▶ PROMPT
A single count is required: the lines of the data below in which the word "Villa" occurs.

▶ PROVIDED INFORMATION
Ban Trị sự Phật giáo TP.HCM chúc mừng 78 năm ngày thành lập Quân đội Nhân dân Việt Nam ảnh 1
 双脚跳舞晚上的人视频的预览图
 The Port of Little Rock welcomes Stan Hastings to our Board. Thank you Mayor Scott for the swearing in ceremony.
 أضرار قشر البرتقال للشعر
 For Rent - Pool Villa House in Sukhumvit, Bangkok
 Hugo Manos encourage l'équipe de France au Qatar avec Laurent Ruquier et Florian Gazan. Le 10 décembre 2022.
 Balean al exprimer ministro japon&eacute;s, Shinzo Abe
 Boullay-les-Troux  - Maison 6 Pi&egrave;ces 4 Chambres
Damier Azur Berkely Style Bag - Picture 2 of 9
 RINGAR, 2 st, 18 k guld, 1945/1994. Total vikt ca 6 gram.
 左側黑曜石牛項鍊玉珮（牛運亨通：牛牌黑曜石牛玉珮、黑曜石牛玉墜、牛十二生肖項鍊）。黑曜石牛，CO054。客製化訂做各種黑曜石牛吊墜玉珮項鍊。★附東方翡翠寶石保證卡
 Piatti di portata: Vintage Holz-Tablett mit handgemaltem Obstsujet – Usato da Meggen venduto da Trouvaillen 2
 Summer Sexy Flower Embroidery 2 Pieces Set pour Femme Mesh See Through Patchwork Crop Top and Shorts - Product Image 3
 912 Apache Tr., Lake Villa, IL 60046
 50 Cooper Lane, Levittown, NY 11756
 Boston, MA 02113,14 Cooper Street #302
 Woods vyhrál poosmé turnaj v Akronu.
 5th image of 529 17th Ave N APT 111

▶ RESULT
2